* _Problem statement_:
Only the lines below between the ones containing "نشست خبری مدیر عامل سازمان تاکسیرانی تهران" and "Opony 325/95R24 Continental", inclusive, are to be reproduced, each exactly as it stands.

* _Source data_:
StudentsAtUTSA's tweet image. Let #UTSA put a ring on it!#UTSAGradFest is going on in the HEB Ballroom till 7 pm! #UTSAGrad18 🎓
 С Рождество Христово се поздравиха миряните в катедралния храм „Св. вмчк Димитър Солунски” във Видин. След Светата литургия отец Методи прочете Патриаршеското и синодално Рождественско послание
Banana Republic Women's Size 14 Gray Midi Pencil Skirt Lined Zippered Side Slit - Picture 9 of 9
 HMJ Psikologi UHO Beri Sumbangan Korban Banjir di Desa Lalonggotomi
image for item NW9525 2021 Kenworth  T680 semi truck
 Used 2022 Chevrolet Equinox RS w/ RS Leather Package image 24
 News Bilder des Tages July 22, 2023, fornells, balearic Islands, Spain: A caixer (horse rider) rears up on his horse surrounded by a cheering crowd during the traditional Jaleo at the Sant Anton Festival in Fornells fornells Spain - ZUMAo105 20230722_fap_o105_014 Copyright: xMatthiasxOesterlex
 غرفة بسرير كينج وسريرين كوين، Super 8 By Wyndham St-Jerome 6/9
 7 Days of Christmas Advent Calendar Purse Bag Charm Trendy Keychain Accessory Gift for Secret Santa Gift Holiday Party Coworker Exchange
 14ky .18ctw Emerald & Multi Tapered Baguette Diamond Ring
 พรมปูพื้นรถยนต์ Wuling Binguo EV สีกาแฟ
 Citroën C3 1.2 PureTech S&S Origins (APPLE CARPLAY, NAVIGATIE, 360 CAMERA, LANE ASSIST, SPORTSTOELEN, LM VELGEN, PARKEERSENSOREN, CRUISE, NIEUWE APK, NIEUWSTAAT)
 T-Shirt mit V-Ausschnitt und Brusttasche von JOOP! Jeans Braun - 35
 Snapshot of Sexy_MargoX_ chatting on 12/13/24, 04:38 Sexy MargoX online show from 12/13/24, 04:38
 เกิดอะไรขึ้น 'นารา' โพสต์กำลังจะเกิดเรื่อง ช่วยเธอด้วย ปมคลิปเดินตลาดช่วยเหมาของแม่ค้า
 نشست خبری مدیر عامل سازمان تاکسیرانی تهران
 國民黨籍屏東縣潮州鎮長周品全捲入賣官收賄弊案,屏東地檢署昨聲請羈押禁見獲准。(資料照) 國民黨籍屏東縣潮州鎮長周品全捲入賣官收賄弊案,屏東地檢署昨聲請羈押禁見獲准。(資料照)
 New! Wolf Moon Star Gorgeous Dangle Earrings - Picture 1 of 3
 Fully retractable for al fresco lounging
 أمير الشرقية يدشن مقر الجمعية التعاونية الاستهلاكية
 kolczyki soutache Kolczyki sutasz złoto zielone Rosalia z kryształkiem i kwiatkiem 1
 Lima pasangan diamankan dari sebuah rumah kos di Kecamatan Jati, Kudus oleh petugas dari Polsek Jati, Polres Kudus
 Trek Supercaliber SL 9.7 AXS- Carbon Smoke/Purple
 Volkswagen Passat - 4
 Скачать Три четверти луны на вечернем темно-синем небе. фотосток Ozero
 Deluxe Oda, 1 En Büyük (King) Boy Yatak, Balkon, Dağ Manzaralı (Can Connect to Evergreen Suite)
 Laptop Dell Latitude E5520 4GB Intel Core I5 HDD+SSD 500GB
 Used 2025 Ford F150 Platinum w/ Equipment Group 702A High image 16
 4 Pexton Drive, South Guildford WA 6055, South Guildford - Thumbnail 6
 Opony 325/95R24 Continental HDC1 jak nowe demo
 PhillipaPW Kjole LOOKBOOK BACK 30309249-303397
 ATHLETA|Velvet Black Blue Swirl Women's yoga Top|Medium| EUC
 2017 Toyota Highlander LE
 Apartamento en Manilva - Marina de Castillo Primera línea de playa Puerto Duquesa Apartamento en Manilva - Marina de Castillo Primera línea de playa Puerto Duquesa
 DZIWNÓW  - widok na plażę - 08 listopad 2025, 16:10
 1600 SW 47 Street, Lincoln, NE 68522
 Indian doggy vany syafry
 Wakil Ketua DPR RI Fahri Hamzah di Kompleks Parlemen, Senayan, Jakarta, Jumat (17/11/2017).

* _Solved exercise_:
 نشست خبری مدیر عامل سازمان تاکسیرانی تهران
 國民黨籍屏東縣潮州鎮長周品全捲入賣官收賄弊案,屏東地檢署昨聲請羈押禁見獲准。(資料照) 國民黨籍屏東縣潮州鎮長周品全捲入賣官收賄弊案,屏東地檢署昨聲請羈押禁見獲准。(資料照)
 New! Wolf Moon Star Gorgeous Dangle Earrings - Picture 1 of 3
 Fully retractable for al fresco lounging
 أمير الشرقية يدشن مقر الجمعية التعاونية الاستهلاكية
 kolczyki soutache Kolczyki sutasz złoto zielone Rosalia z kryształkiem i kwiatkiem 1
 Lima pasangan diamankan dari sebuah rumah kos di Kecamatan Jati, Kudus oleh petugas dari Polsek Jati, Polres Kudus
 Trek Supercaliber SL 9.7 AXS- Carbon Smoke/Purple
 Volkswagen Passat - 4
 Скачать Три четверти луны на вечернем темно-синем небе. фотосток Ozero
 Deluxe Oda, 1 En Büyük (King) Boy Yatak, Balkon, Dağ Manzaralı (Can Connect to Evergreen Suite)
 Laptop Dell Latitude E5520 4GB Intel Core I5 HDD+SSD 500GB
 Used 2025 Ford F150 Platinum w/ Equipment Group 702A High image 16
 4 Pexton Drive, South Guildford WA 6055, South Guildford - Thumbnail 6
 Opony 325/95R24 Continental HDC1 jak nowe demo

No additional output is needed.